### STORED DATA
= = =

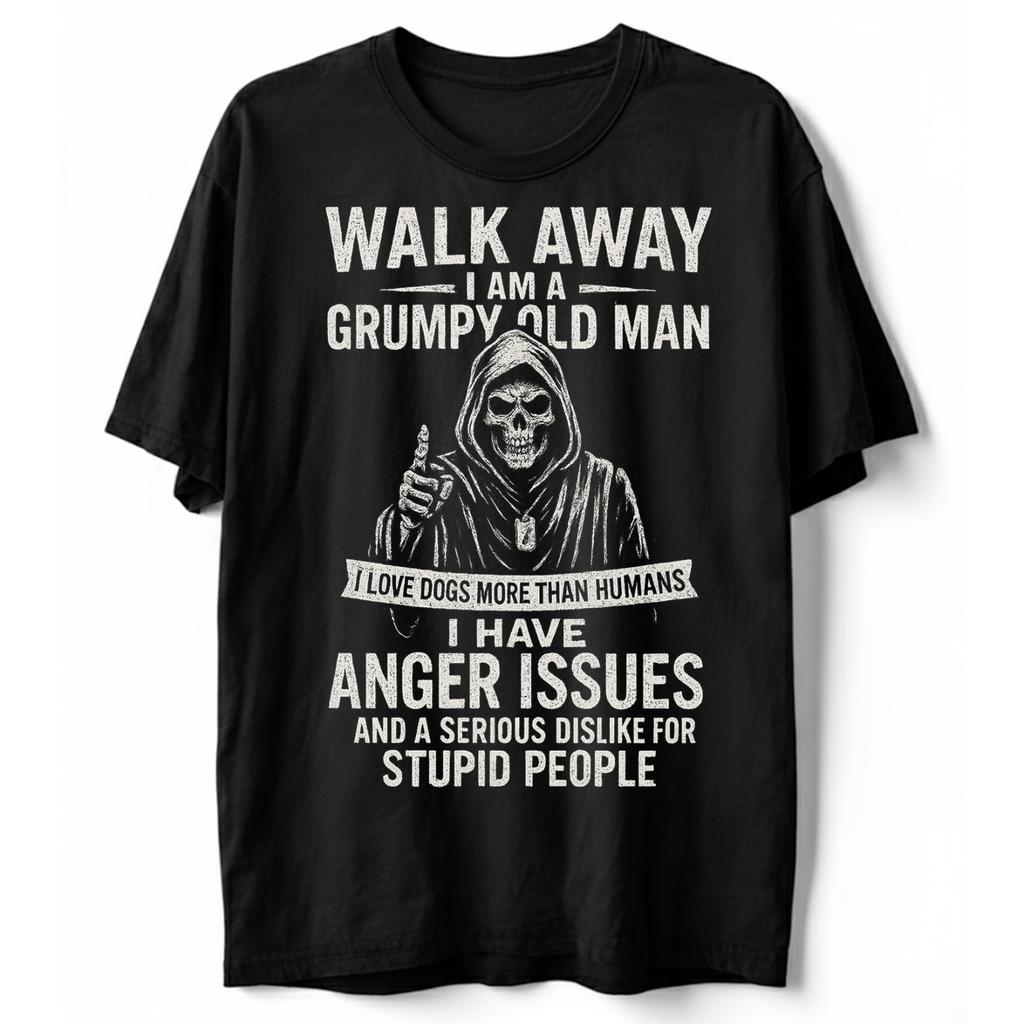 Grumpy Old Man I Love Dogs T-Shirt, Anger Issues, Dog Lover Gift, Sarcastic Tee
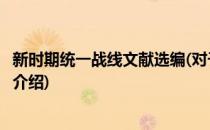 新时期统一战线文献选编(对于新时期统一战线文献选编简单介绍)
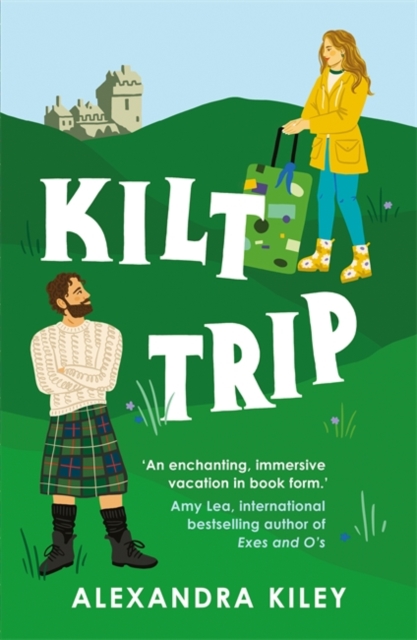 Kilt Trip : Escape to Scotland in this enemies to lovers romance by Kiley, Alexandra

= = =

### TASK DETAILS
Rewrite the data above exactly as given, but omit the images.

### SOLUTION TO THIS PROBLEM
 Grumpy Old Man I Love Dogs T-Shirt, Anger Issues, Dog Lover Gift, Sarcastic Tee
 新时期统一战线文献选编(对于新时期统一战线文献选编简单介绍)
 Kilt Trip : Escape to Scotland in this enemies to lovers romance by Kiley, Alexandra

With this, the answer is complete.